Gottfried sues NC State over buyout money

RALEIGH, N.C. (AP) — Former North Carolina State men’s basketball coach Mark Gottfried is suing the school for buyout money he says has been improperly withheld.

Attorneys for Gottfried – now Cal State Northridge’s head coach – filed the lawsuit in a North Carolina federal court Monday, saying N.C. State violated a March 2017 termination agreement. N.C. State was due to pay Gottfried remaining salary in monthly installments through the April 2020 end of his contract, according to a copy of the agreement filed with the lawsuit.

But the complaint states the school hasn’t paid Gottfried since August 2018.

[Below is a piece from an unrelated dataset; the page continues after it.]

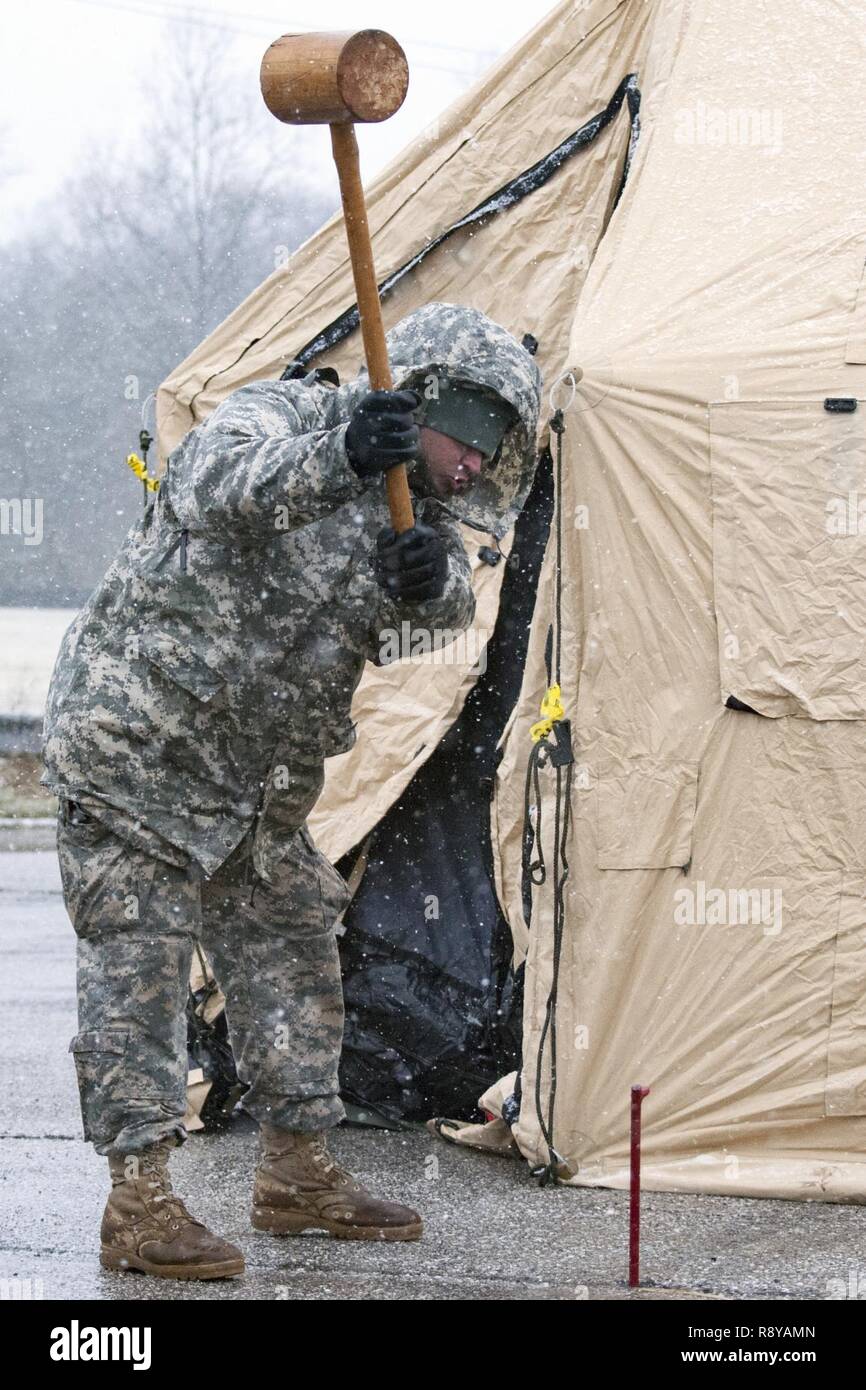 Des soldats américains affectés à la 251st Compagnie médicale de soutien de secteur, en Caroline du Sud, la Garde nationale et de la 231e compagnie de produits chimiques, Maryland Army National Guard, une installation de triage et de décontamination lors d'un point de l'Armée américaine au nord la formation conjointe de l'exercice dans le centre de Rose, Owings Mills, Maryland, le 10 mars 2017. Banque D'Images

The NCAA has since charged the school with four violations tied to the recruitment of former Wolfpack one-and-done star Dennis Smith Jr., which grew out of a federal corruption investigation into college basketball. Gottfried is charged individually under the provision of head-coach responsibility for violations within his program, though his attorneys have questioned the fairness of that process.

Elliot Sol Abrams, one of Gottfried’s attorneys, didn’t immediately return a call from The Associated Press seeking comment Wednesday. N.C. State athletics spokesman Fred Demarest said the school doesn’t comment on pending litigation.

The school announced in February 2017 that Gottfried wouldn’t return for a seventh year but would coach the rest of the season. The March 2017 agreement described his termination as “without cause” and required Gottfried to pursue jobs that would potentially lower school payments.

After making payments for more than a year, the school in May 2018 – eight months after the federal probe became public – sent Gottfried a “Notice of Intent to Discharge for Cause,” according to the complaint. That notice said Gottfried had “induced” the school to enter payment arrangements in the termination agreement, which the complaint states was “conceived, drafted, reviewed and approved” by N.C. State.

By that September, the school had notified Gottfried that “no additional payments are owed,” according to the complaint seeking unspecified financial amounts.

N.C. State’s NCAA case has been accepted into the Independent Accountability Resolution Process, which is designed to handle complex cases and was a product of proposals from the commission led by former U.S. Secretary of State Condoleezza Rice in 2018 to reform college basketball.